Your findings suggest that neither the complexity of computational problems nor the software version are reliable predictors of job failures or even system crashes. You may want to try eliminate

power supply issues (the computer’s power supply unit(s) and the power rating of the circuit to which the computer is connected)
faulty hardware. Various stress tests for various computer components are available. Carefully evaluate potential risks of specific tests before deciding to run any test

rbs_sci · December 15, 2022, 2:03am

Intermittent errors are the hardest to pin down…

I think wtempel is right to suspect the PSU. A failing or faulty PSU can manifest in all sorts of odd behaviour. (Bad memories after moving home for that…)

Another option is RAM. I would boot to memtest and run for at least two full passes (although errors usually manifest before that).

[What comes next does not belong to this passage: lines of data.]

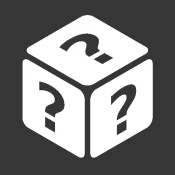 RPG Dice Roller Cheat Codes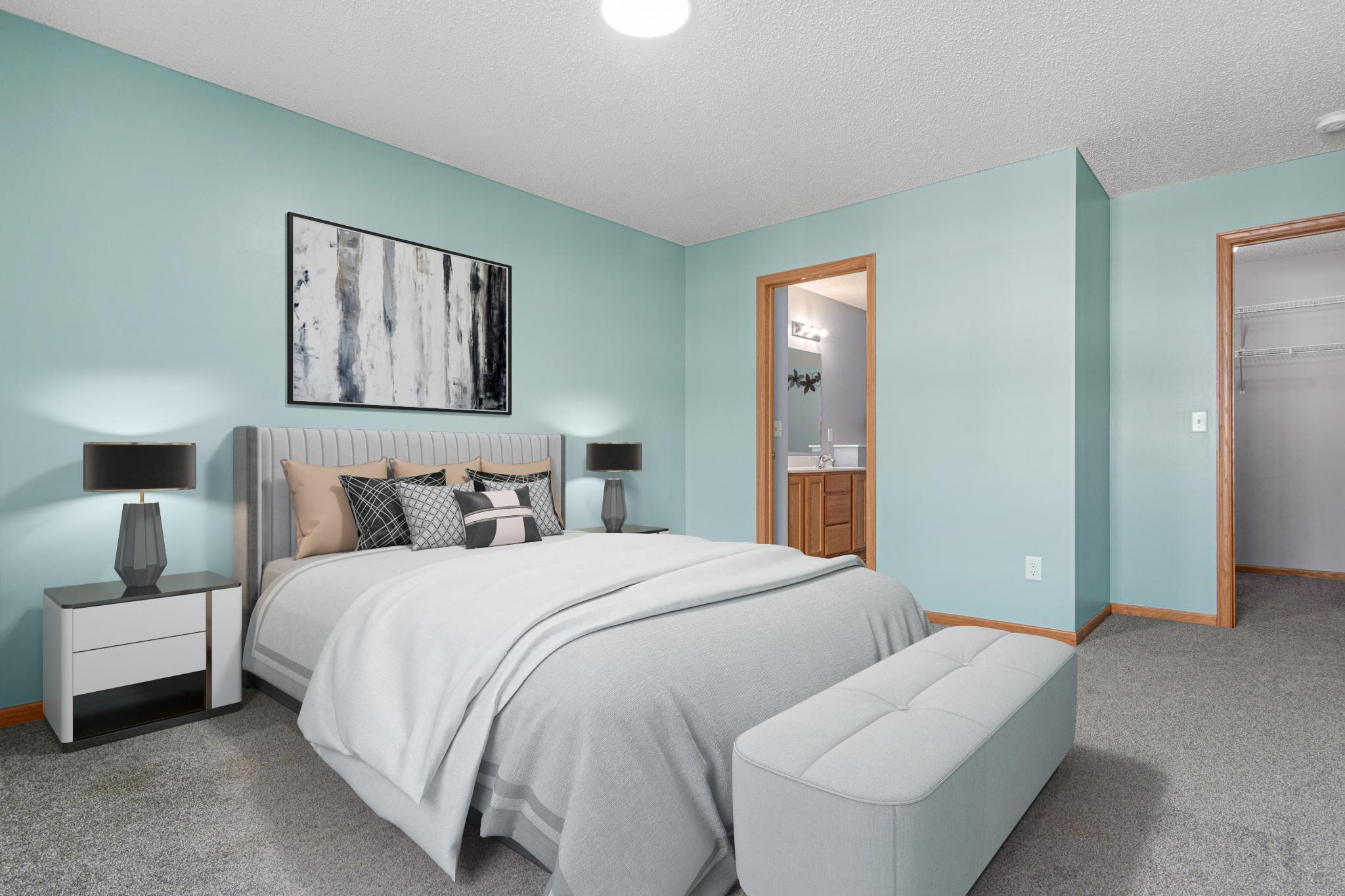 2589 Yellowstone Drive Unit: 47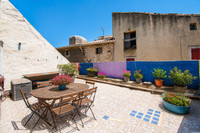 Propriété à vendre à Quarante, Hérault - 119 900 € - photo n°10
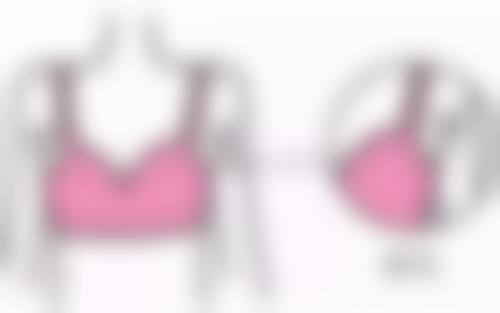 总结——本溪王小明医疗美容诊所王小明医生怎么样？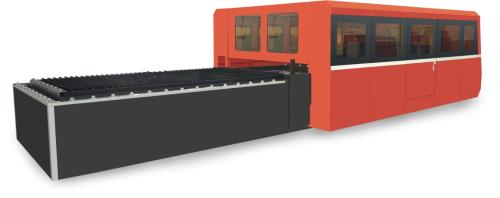 激光设备CE认证中对SAR的测试要求-贝斯通检测认证机构中心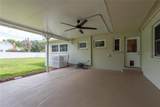37623 Florida Avenue - Photo 23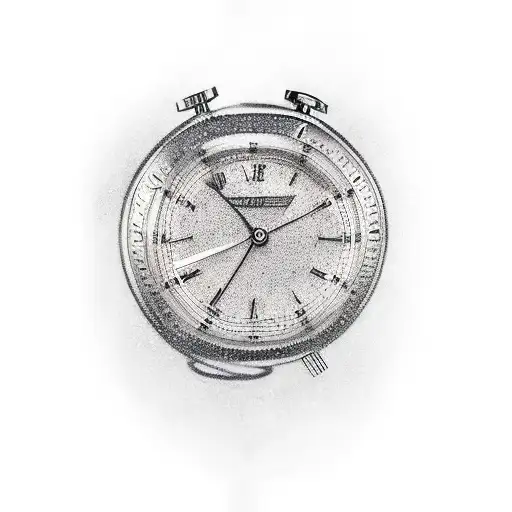 Family Love And Time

The other option is test the GPU with something like RTHDRIBL. That has always shown GPU errors (usually memory related) for me, and isn’t too demanding, unlike Furmark or other power-virus-like GPU stress tests, which I avoid like the plague as their loads are utterly unrealistic. The slightly older “Heaven” GPU benchmark might also be useful.

If RAM and GPU pass (the GPU test should be run for at least 20 minutes) testing, find a new PSU and see if the problem continues.